[DATA UNDER STUDY — start]

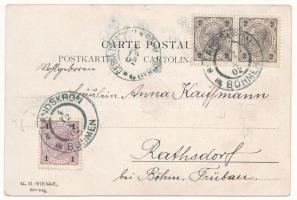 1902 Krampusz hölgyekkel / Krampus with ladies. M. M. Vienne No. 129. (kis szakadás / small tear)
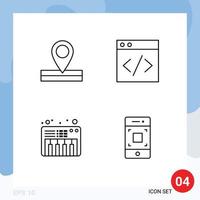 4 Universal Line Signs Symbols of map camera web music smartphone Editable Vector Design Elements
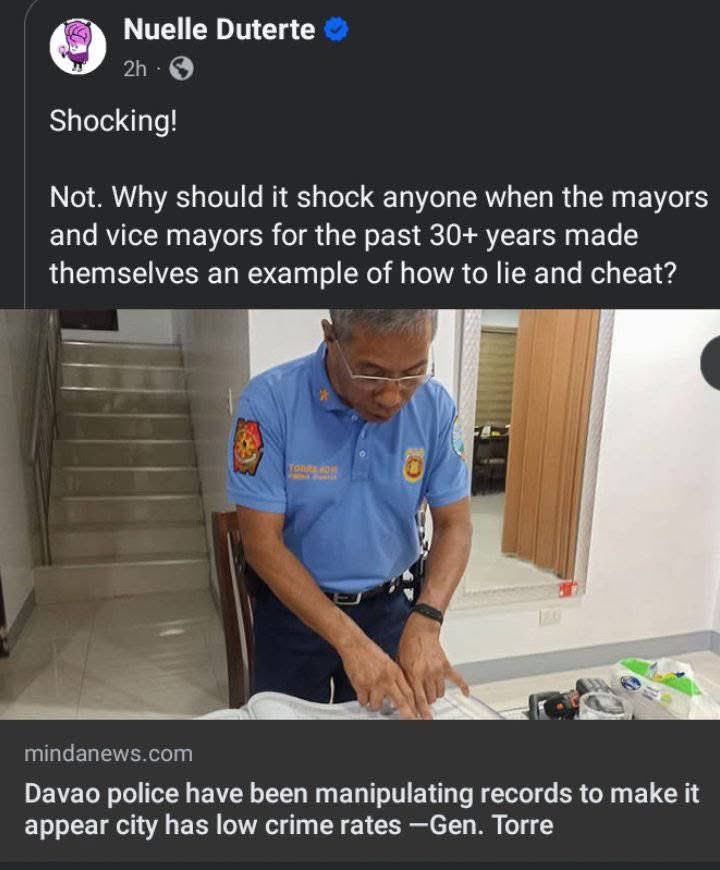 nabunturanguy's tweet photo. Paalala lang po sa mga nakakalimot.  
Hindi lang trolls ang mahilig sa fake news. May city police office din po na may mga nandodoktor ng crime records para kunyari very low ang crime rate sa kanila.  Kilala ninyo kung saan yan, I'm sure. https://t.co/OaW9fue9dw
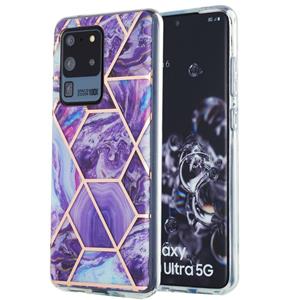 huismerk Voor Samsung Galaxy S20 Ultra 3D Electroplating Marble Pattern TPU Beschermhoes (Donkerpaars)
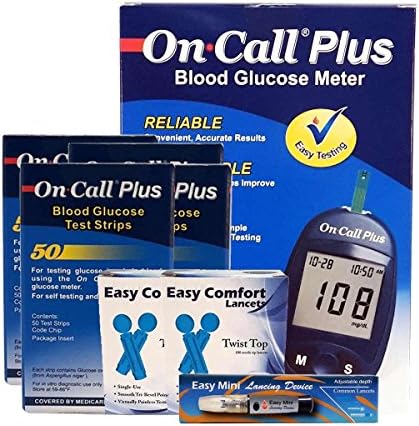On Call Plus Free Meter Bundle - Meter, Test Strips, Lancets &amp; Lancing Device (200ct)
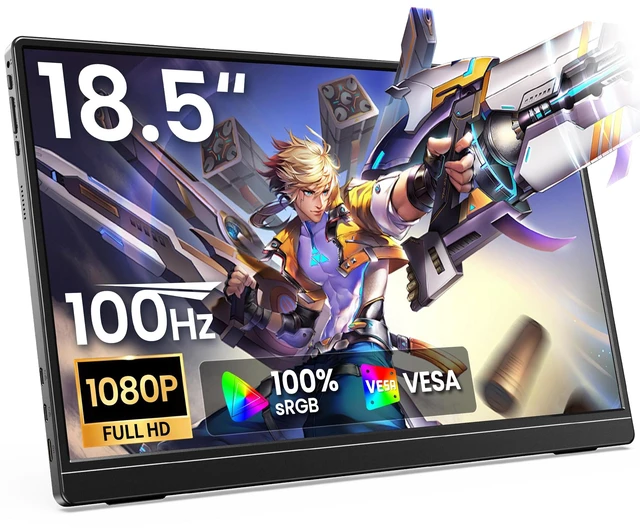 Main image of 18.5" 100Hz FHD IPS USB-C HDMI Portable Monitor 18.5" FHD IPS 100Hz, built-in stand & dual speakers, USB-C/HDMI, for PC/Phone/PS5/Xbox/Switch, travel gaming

[DATA UNDER STUDY — finish]
[DATA UNDER STUDY — start]

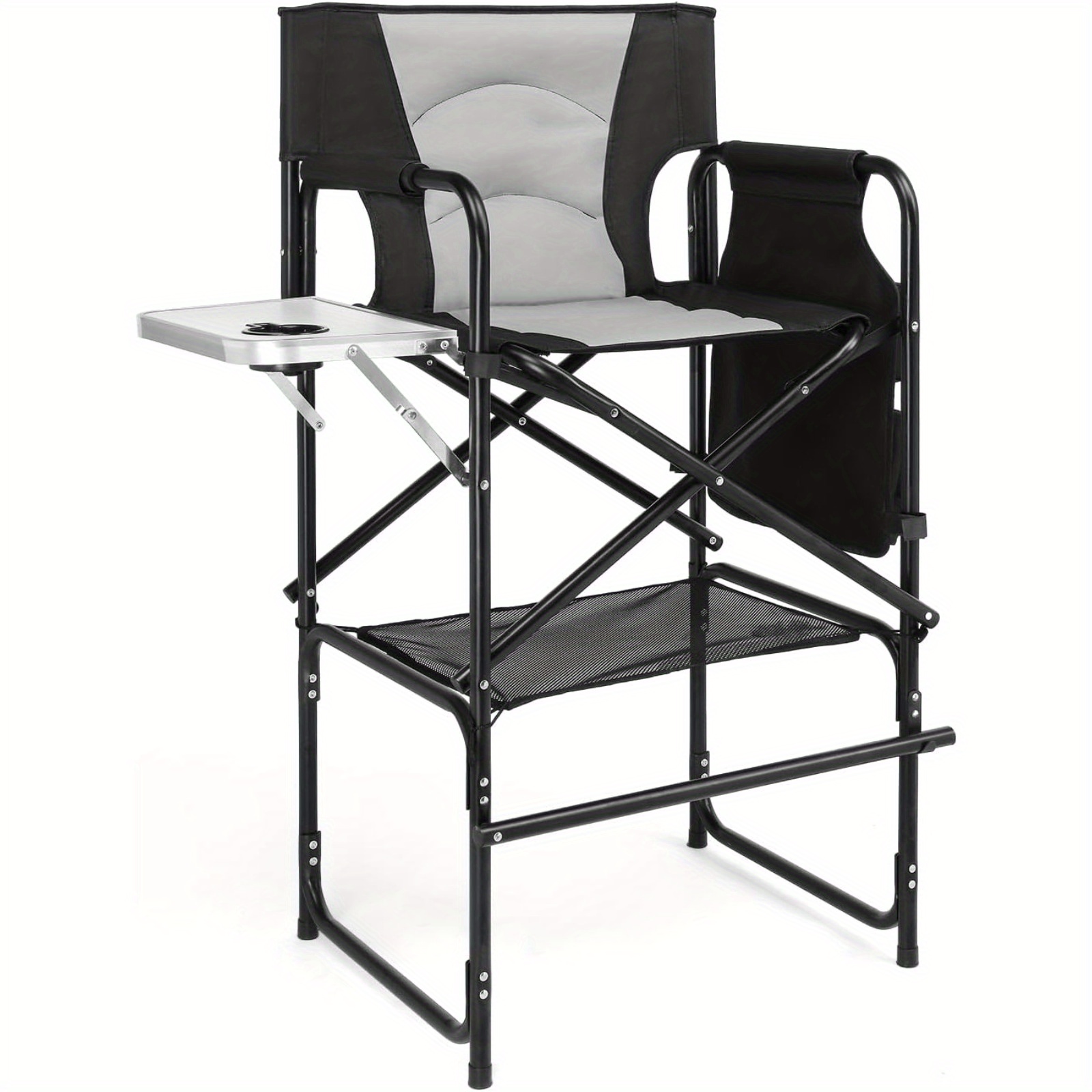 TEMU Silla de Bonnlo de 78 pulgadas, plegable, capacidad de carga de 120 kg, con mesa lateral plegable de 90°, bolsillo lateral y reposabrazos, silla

[DATA UNDER STUDY — finish]
[DATA UNDER STUDY — start]

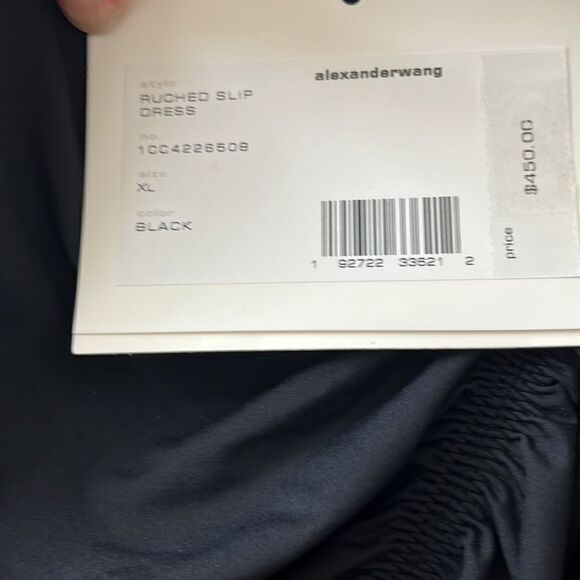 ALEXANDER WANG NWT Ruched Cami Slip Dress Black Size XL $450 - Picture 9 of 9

[DATA UNDER STUDY — finish]

## WHAT IS BEING ASKED
The lines above starting at the one that holds "4 Universal Line" and ending at the one that holds "Main image of" are to be written out exactly, ends included, and no pictures are to be copied.

## RESULT FOR THIS EXERCISE
 4 Universal Line Signs Symbols of map camera web music smartphone Editable Vector Design Elements
 nabunturanguy's tweet photo. Paalala lang po sa mga nakakalimot.  
Hindi lang trolls ang mahilig sa fake news. May city police office din po na may mga nandodoktor ng crime records para kunyari very low ang crime rate sa kanila.  Kilala ninyo kung saan yan, I'm sure. https://t.co/OaW9fue9dw
 huismerk Voor Samsung Galaxy S20 Ultra 3D Electroplating Marble Pattern TPU Beschermhoes (Donkerpaars)
On Call Plus Free Meter Bundle - Meter, Test Strips, Lancets &amp; Lancing Device (200ct)
 Main image of 18.5" 100Hz FHD IPS USB-C HDMI Portable Monitor 18.5" FHD IPS 100Hz, built-in stand & dual speakers, USB-C/HDMI, for PC/Phone/PS5/Xbox/Switch, travel gaming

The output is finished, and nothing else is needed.